The third pig builds a house of bricks. The wolf fails to blow down the house. And the pigs are safe.
In the story, the pigs are protected from danger by solid walls of brick. These solid boundaries against external threats save the pigs from the Big Bad Wolf who wishes to devour them. In our lives we also need good internal boundaries to protect us from others whose thinking, feeling and behavours can overwhelm us. If we allow that, the message we learn is that our own needs and feelings don’t count – we are required to accept how others treat us without question which is destructive to our sense of self.
Our internal boundaries protect our thinking, our feelings and our behaviors.

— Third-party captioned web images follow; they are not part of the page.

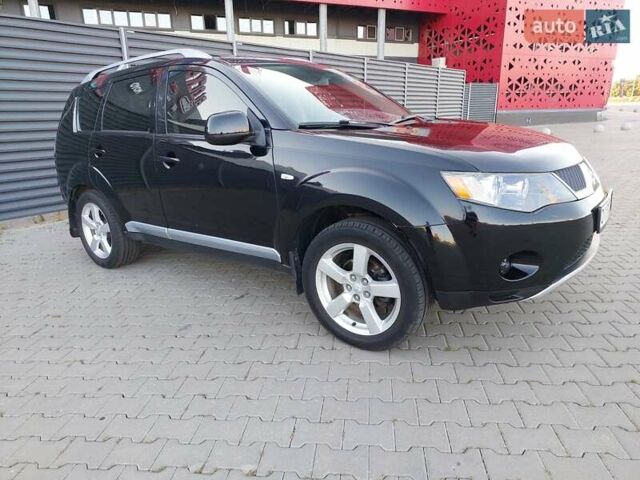 Чорний Міцубісі Аутлендер ХЛ, об'ємом двигуна 2.4 л та пробігом 181 тис. км за 8990 $, фото 6 на Automoto.ua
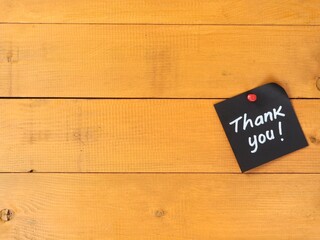 Black adhesive note with handwritten thank you text pinned on a yellow wooden wall. Flat lay composition with copy space, ideal for gratitude, business appreciation, and greeting card design © Eka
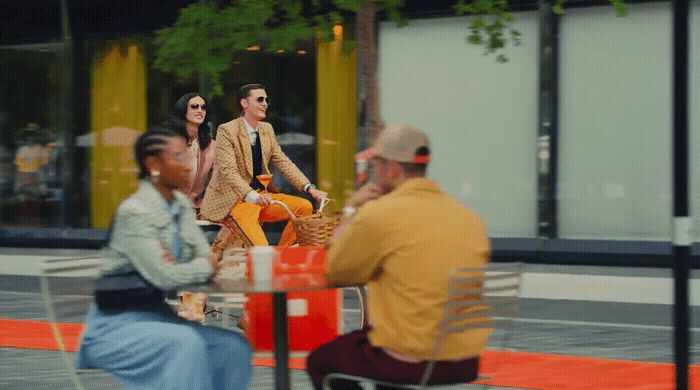 a group of people sitting around a table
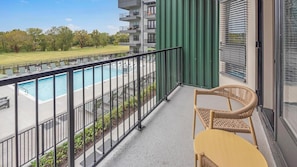 Ein Balkon mit Blick auf einen Swimmingpool, einem Korbstuhl und einer grünen Wand.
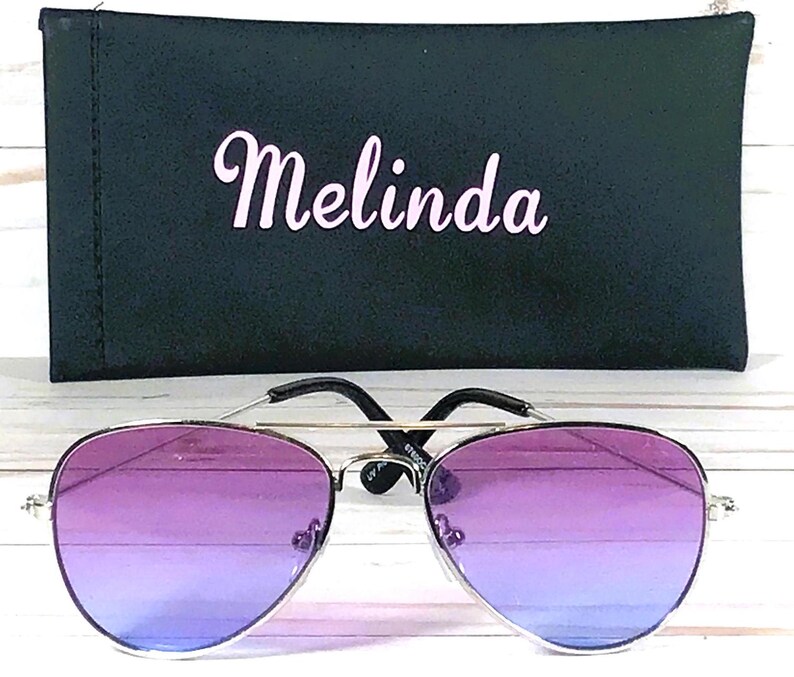 Peut inclure: Lunettes de soleil aviateur &agrave; d&eacute;grad&eacute; violet et bleu avec une monture argent&eacute;e et un &eacute;tui de transport noir avec le nom "Melinda" imprim&eacute; dessus.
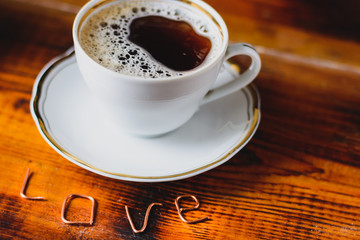 white cup of coffee on wooden table with word love on it 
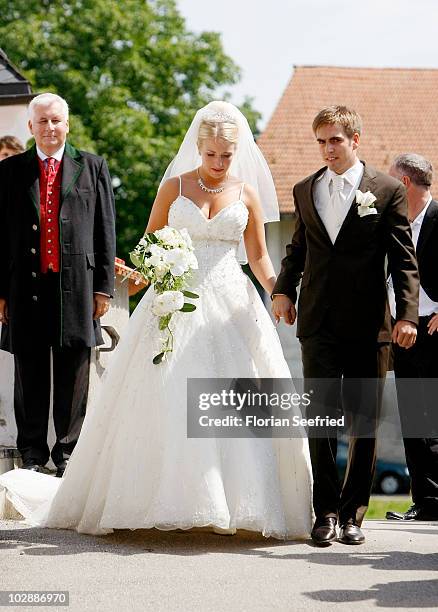 Bayern Muenchen football player Philipp Lahm and his wife Claudia Schattenberg leave their church wedding at the Sankt Emmerans church on July 14,...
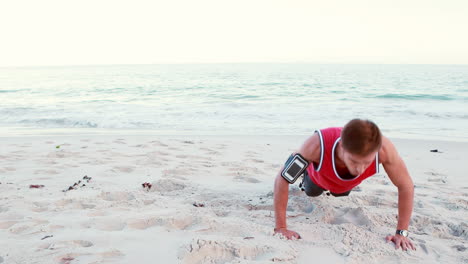 fit man doing push ups on the beach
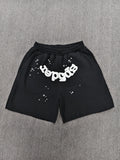 black Sp5der OG Web Logo sweatshorts featuring a prominent white puff-print logo and scattered star graphics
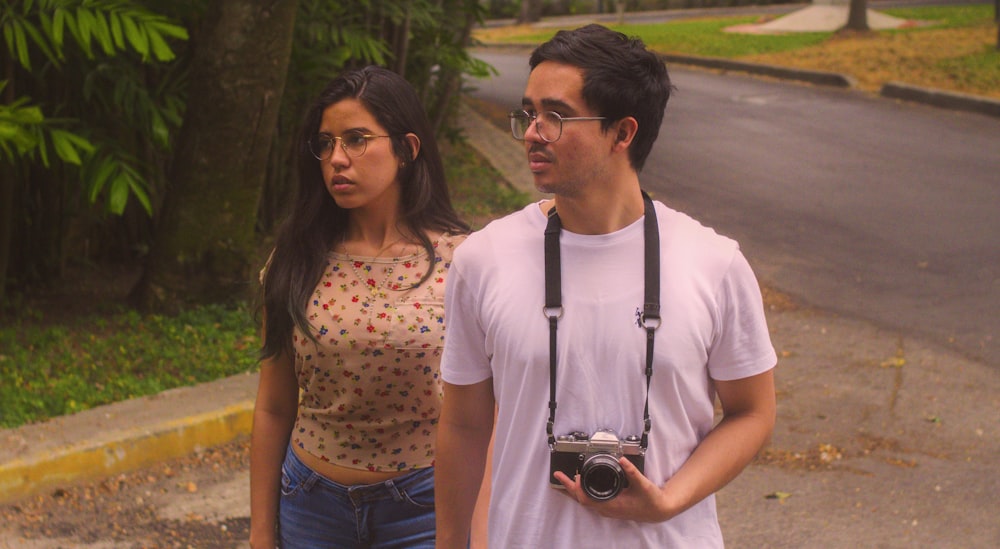 man and woman standing near trees and road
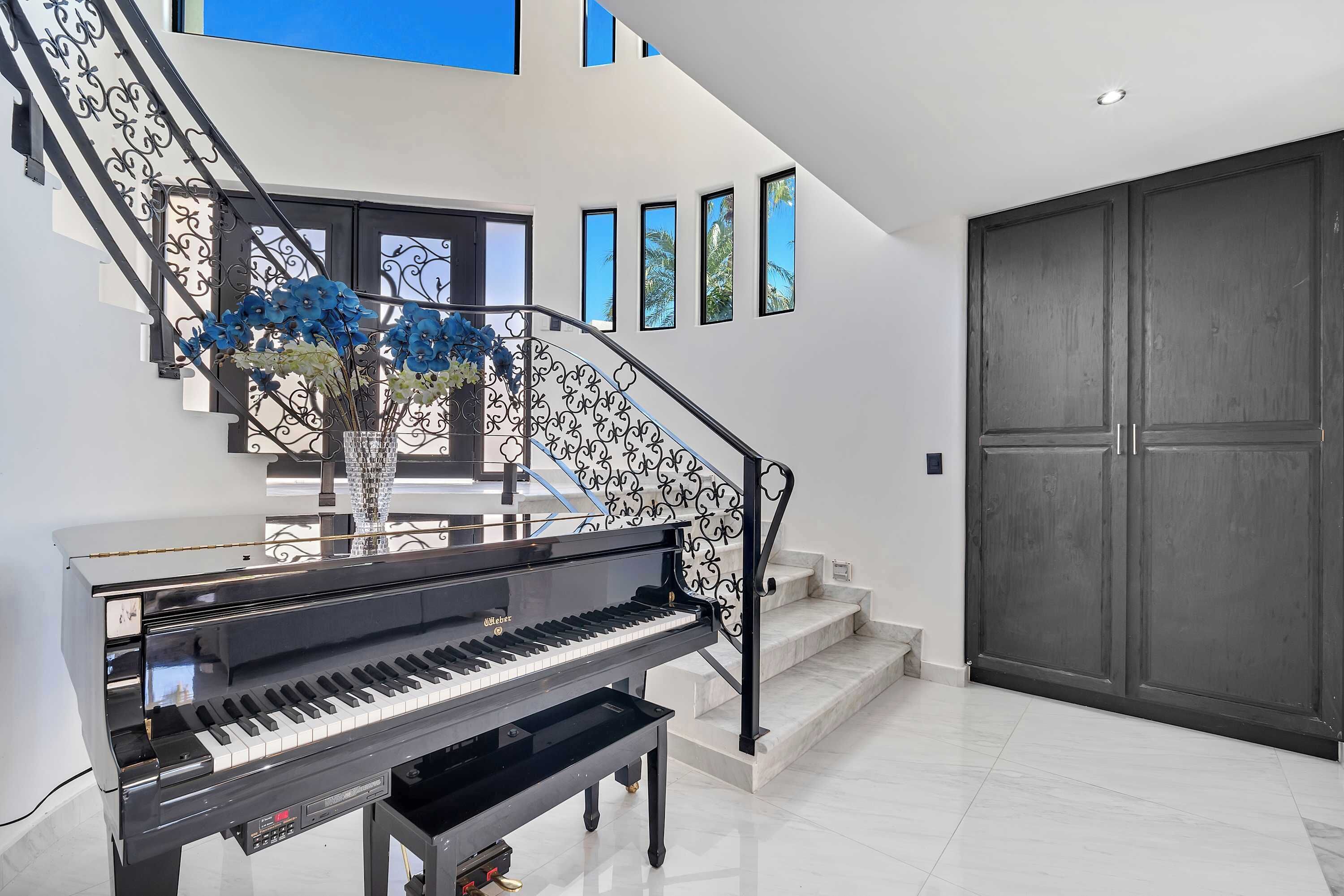 Un piano à queue se trouve près d’un escalier orné d’une rampe décorative, d’une grande porte en bois sombre et d’un mur percé de petites fenêtres.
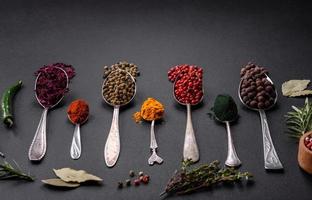 Several types of spices in metal spoons paprika, tomatoes, curry, beets, cumin, turmeric, fennel, spirulina photo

Thinking = how we give meaning to incoming data
Feelings = our emotions
Behaviors = what we do or don’t do
These, in addition to our bodies, constitute our reality. Our bodies, thoughts, feelings and behavior make up what is real from our perspective even if they are not what others would feel in the same situation. That others might experience a different reality given the same stimuli does NOT dis-validate our subjective reality.
Those of us with poor, or non-existent boundaries find it impossible to own all or part of our thinking, feeling, and behaviors:
In thinking, we experience difficulty knowing what our thoughts are. And if we do know what they are we have difficulty sharing them. And beyond those limitations, we often have skewed interpretations of the data that we receive.
In feeling, we have difficulty in knowing what we are feeling, or in feeling at all. And most problematically, we have difficulty discerning if the emotions we feel are our emotions or those of another. We have difficulty discerning what feeling is mine or am I experiencing another’s emotions.
In our behaviors, we have difficulty in being aware of what we do or don’t do. And have even more difficulty in owning our behaviors and its impact on others.
Here are some tips for setting healthy boundaries:
- When you identify the need to set a boundary, do it clearly, preferably without anger, and in as few words as possible. Do not justify, apologize for, or rationalize the boundary you are setting. Do not argue! Just set the boundary calmly, firmly, clearly, and respectfully.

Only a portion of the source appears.